Case ID: colo_188/html/0307-01.html
Source: Caselaw Access Project
Author: {"author": "MR. CHIEF JUSTICE PRINGLE.", "license": "Public Domain", "url": "https://static.case.law/"}
Date Created: 2024-08-24T03:29:51.129683

No. 26129
    The People of the State of Colorado v. Charles A. Penno
    (534 P.2d 795)
    Decided April 28, 1975.
    John P. Moore, Attorney General, John E. Bush, Deputy, E. Ronald Beeks, Assistant, for plaintiff-appellee.
    Rollie R. Rogers, State Public Defender, James F. Dumas, Jr.,
    
      Chief Deputy, Thomas M. Van Cleave III, Deputy, for defendant-appellant.
    
      In Department.
    
   Opinion by

MR. CHIEF JUSTICE PRINGLE.

The defendant, Charles Penno, was convicted of aggravated robbery for the August 16, 1971 holdup of a Denver Seven-Eleven store. On this appeal the defendant claims that the trial court impermissibly allowed a pistol he had in his possession at the time of his arrest to be introduced into evidence. We affirm.

At Penno’s trial, two employees of the Seven-Eleven store identified the defendant as the perpetrator of the crime and testified that he pointed a small caliber chrome-plated or nickel-plated revolver at them during the robbery. Detective John Garrison of the Denver Police Department was permitted to testify that when he arrested the defendant on August 21, 1971, he recovered a .22 caliber revolver in Penno’s possession. People’s Exhibit I was identified as this weapon and admitted into evidence. Officer Dale Burkhardt of the Denver Police Department testified that the pistol was in good working condition. The defendant claims that since neither of the eyewitnesses to the crime identified the pistol or said that the pistol was similar to the weapon used in the robbery, the admission of the pistol into evidence was improper and impermissibly prejudicial to his case.
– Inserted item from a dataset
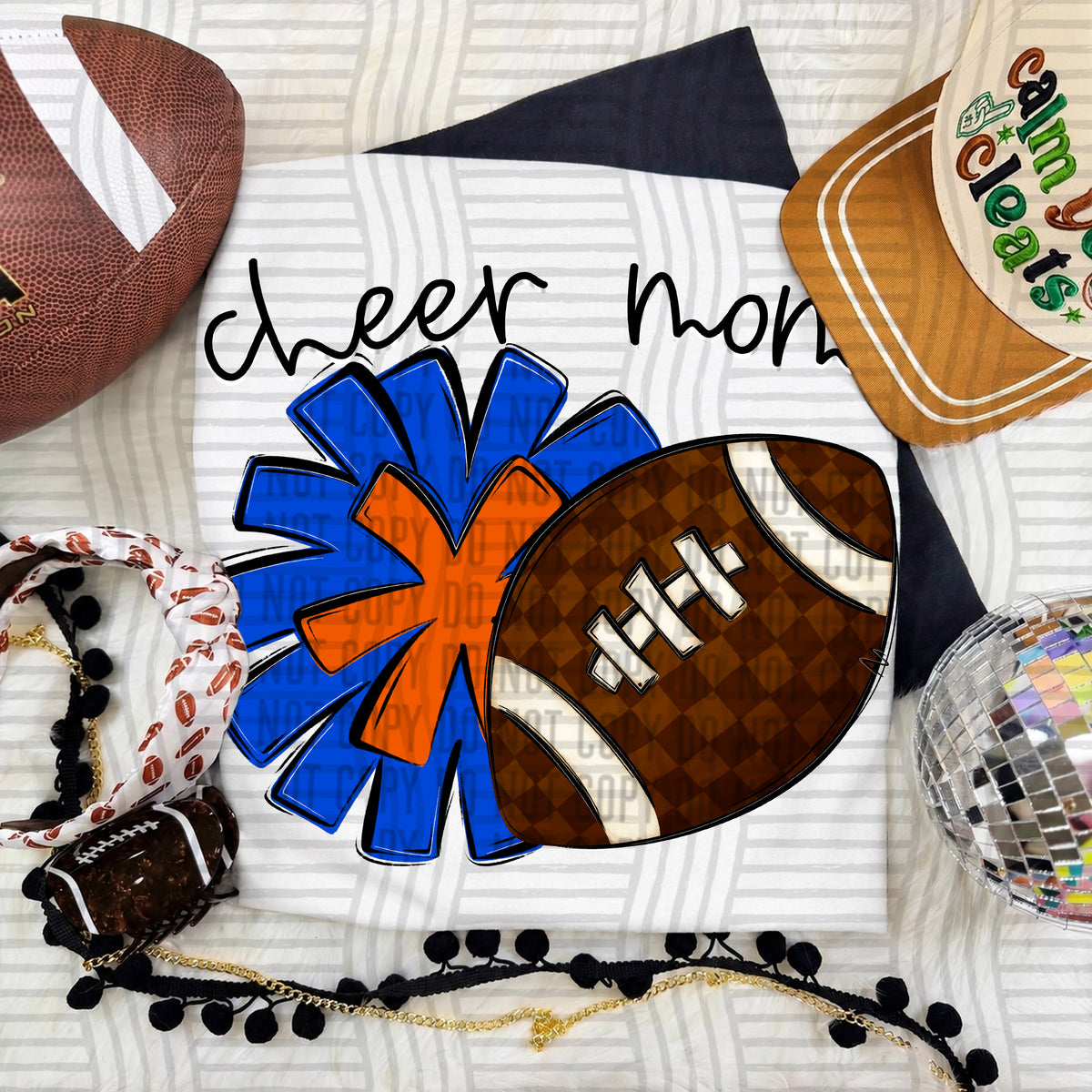 Cheer Mom PNG design in Royal-Orange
The test for determining the relevancy of real evidence was set out in Washington v. People, 158 Colo. 115, 123, 405 P.2d 735, 738, cert. denied, 383 U.S. 953, 86 S.Ct. 1217, 16 L.Ed.2d 215 (1966), in which we said that the real evidence “must only be connected in some manner with either the perpetrator, the victim or the crime.” The defendant cites Stewart v. People, 162 Colo. 122, 426 P.2d 548 as requiring the exclusion of the pistol from evidence under this test. In Stewart the prosecutor introduced four one-hundred dollar bills found on the person of the defendant when he was apprehended in the act of committing a burglary. The court held this evidence inadmissible because it was in no way connected with the burglary and had no relevancy to the issues in the case.
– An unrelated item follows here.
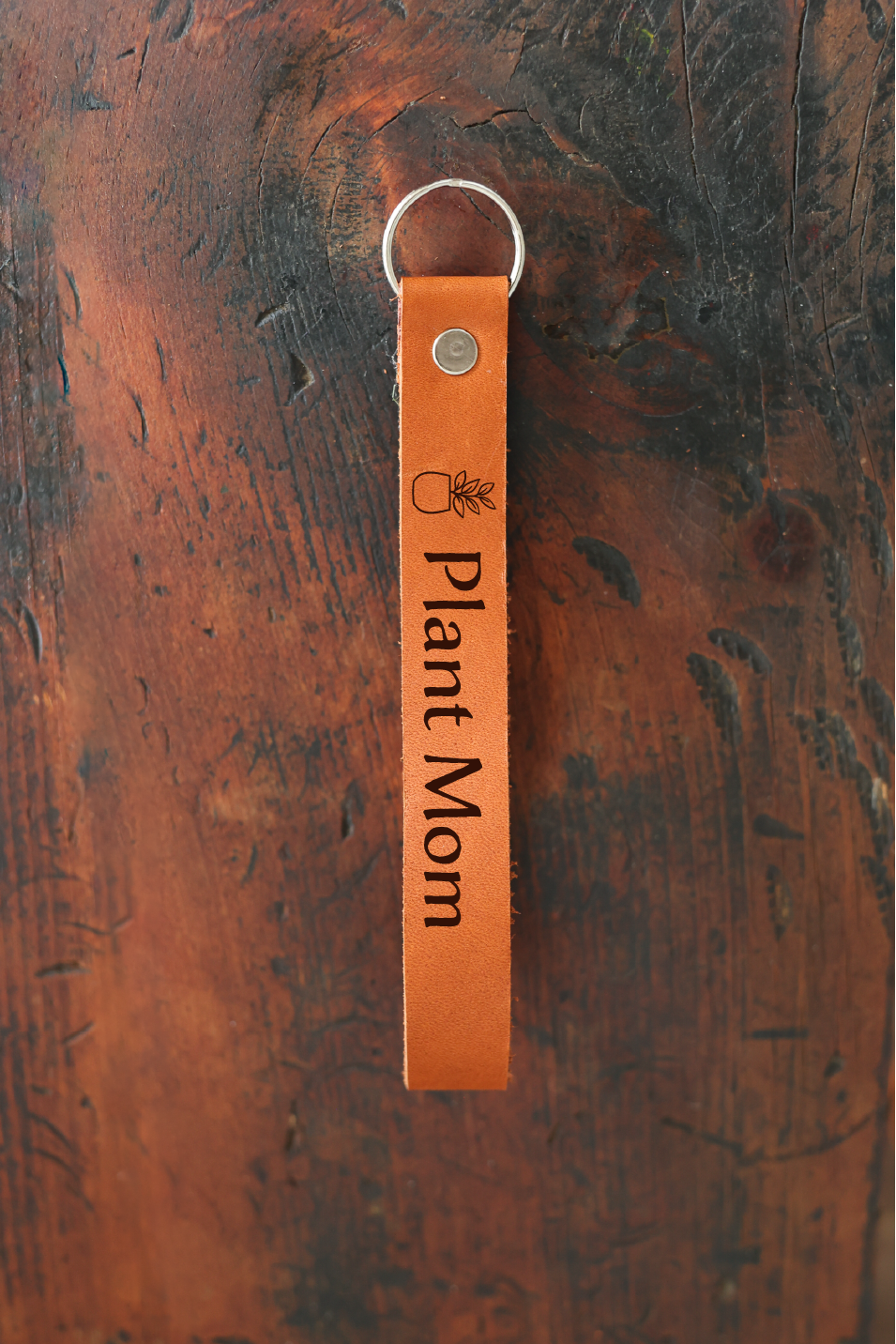 Plant Mom Leather Wristlet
However, evidence that the defendant may have possessed weapons or instruments which could be used in the commission of the crime with which the defendant was charged have been found to be admissible under the test set out in Washington. In Davis v. People, 137 Colo. 113, 321 P.2d 1103, a stocking mask, a hammer and a flashlight found in the defendant’s possession at the time of his arrest were admissible at his trial for burglary. In Hampton v. People, 171 Colo. 101, 465 P.2d 112, sales tickets for a pistol and for a pistol clip, found in the defendant’s possession at the time of his arrest, were admissible at the defendant’s trial for aggravated robbery even though the gun itself was never produced. Similarly, in Hafer v. People, 177 Colo. 52, 492 P.2d 847, a weapon found in the defendant’s vehicle during an authorized search was admissible at the defendant’s trial for grand theft and conspiracy to commit grand theft in connection with the unauthorized removal of grain from an elevator even though no one could testify that the defendant actually had a gun in his possession at the time he supposedly removed the grain.

The instant case presents an even stronger case for admission of the real evidence than was present in Davis, Hampton and Hafer. Here, the eyewitnesses testified that the defendant possessed a gun at the time of the robbery and described the gun to the jury. The jury could view the pistol introduced into evidence and compare it to the description of the weapon given by the eyewitnesses. The record reveals that Exhibit I was similar to the weapon described. Therefore, with this foundation the admission of the pistol was proper, and the jury could determine what weight should be given to its connection with the defendant.

The judgment is affirmed.

MR. JUSTICE DAY, MR. JUSTICE KELLEY and MR. JUSTICE LEE concur.